20 March, 2022, Agnė Sadauskaitė / Kaunas Full of Culture | Interviews, News, Topic of the month

Imagine: you wake up on Sunday morning in a hundred-year-old wooden house, awakened by gentle sunlight. Soon after, you hear the church bells located nearby, across the road, and the commotion of Panemunė’s residents rushing to Mass. Slowly you go to the old wood-burning stove to make some scrambled eggs watching the slender pines through the window and then you go down to your workshop to fix the precious grandmother’s chair that requires renewal.

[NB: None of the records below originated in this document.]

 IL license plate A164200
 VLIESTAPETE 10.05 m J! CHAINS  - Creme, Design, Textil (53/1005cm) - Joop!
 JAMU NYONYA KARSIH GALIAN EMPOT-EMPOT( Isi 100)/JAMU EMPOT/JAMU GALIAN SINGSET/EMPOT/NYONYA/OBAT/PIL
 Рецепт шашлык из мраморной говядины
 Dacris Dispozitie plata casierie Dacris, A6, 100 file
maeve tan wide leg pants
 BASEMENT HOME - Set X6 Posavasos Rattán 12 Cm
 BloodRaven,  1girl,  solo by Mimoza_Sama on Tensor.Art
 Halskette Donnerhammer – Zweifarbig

In a few years, such slow and romantic evenings will become a reality in a creative house K.I.N.A.S. Panemunė. But while waiting for the future it makes more sense to live in the present. The activities of Panemunė creative house are already in full swing, the visitors are invited to events and workshops. I met with Giedrius Bučas, the soul and nurturer of this creative house, public activist, change leader. During the conversation that turned into a tour, we were accompanied by the master of the house, a cat named Cat.

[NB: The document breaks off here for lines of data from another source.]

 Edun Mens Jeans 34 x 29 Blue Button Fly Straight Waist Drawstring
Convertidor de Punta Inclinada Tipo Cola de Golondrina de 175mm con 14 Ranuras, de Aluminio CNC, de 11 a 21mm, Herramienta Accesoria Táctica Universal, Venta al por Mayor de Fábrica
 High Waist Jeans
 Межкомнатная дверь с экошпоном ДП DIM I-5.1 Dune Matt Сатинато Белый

Photo by Donatas Stankevičius

This beautiful wooden house with a mezzanine was built in 1930. It is a rather big house with two ends, typical of the interwar period wooden architecture, located in Panemunė on Vaidoto St. 26. This old house, having changed its purpose and owners several times, has recently been reborn with a new quality as Creative House K.I.N.A.S. Panemunė. We enter the building through the annex. The ground floor has a lobby, a main hall with a stage, a workshop space, a bathroom and an exit to the courtyard. On the second floor, along the corridor, are four rooms and an attic. The different sizes are surprising: upon entering, you feel very small due to the large space, but in the two rooms on the second floor, you feel like a giant because the ceiling is only two meters high.

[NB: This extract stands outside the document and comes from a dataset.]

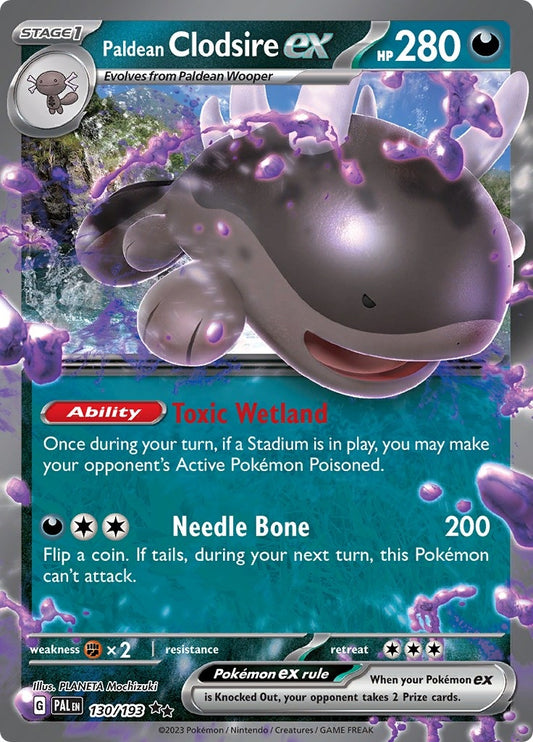 Image for Paldean Clodsire ex - Pokemon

Immediately after the building was built, and throughout the interwar period, it served as a school, where the children were taught by the sisters of St. Casimir and the second floor was dedicated to a kindergarten. During the Soviet period, the purpose of the building had changed. Cinema Panemunė opened its doors there and after some time a library was set up. After the restoration of independence, the library branch continued to work in the house and part of it was dedicated to Panemunė community. Giedrius reminds us that the building also housed a funeral home, Caritas, and on the second floor there was an office of the director of the cultural centre and two apartments.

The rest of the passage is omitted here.